Because in my experience the behaviours of amplifiers when driving difficult loads, in terms of power and current, at high frequencies is very telling. This is the area where an amplifier relying on global feedback has the least available to it, because of the shaping by compensation to maintain stability - from the graphs you've already shown it appears, by extrapolating, that at around 100kHz the performance of the composite will be about the same as a raw LM3886. So, I'm curious as to whether in the real world there is any benefit to your composite approach for IMD behaviour in the audio band when the amplifier is "stress tested" ...

Thanks for responding!
 
My guess is that you will at least get the benefit of the loop gain available at 20 kHz.
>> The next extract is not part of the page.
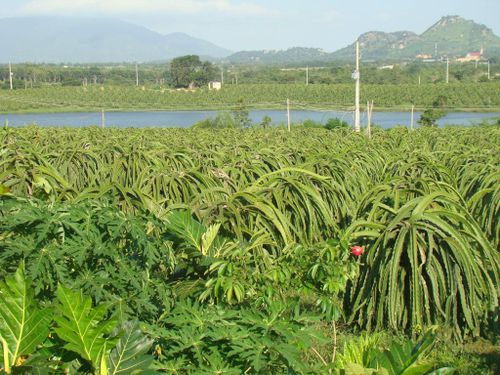 Trang trại thanh long nằm cạnh hồ chứa nước trên địa bàn xã Tân Lập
The unity loop gain occurs at about 1.5 MHz for the Modulus-86, so I'd expect good performance quite a bit past the audio band.

I've been wanting to measure IMD for a while. I may have to wait for work to quiet down a bit before getting to it, however. Stay tuned.

~Tom
 
Tom,

I'm not seeing "0.0004%" on the graphs. Am I not seeing it?
I am seeing things in the range of 0.004 and somewhat below.
Not saying that the performance is bad at all. Just not seeing that.

Afaik, most amps are better in THD at lower levels than high.
And similarly better at lower freqs than high.
Yours seems better at almost max output!

The question of the "first watt" is an interesting and important one.
I'd think that most class A amps and most high-ish bias class AB amps do well there. The good ones, that are already good.

An idea that might be interesting to explore with the 3886 (and given time I would love to try) would be one of the classic (now classic) feedforward distortion reduction schemes. The barrier to these has typically been the cost of a complete amplifier in order to do the trick. Here the cost is nominal.

As far as "better" amps? I think there are a range of designs that reach into this "below 0.001%" THD. Seems to me a few are on here.

Only by way of reference is a random test of my own Symphony No.1 amplifier. Keep in mind that this design is now 25 years old.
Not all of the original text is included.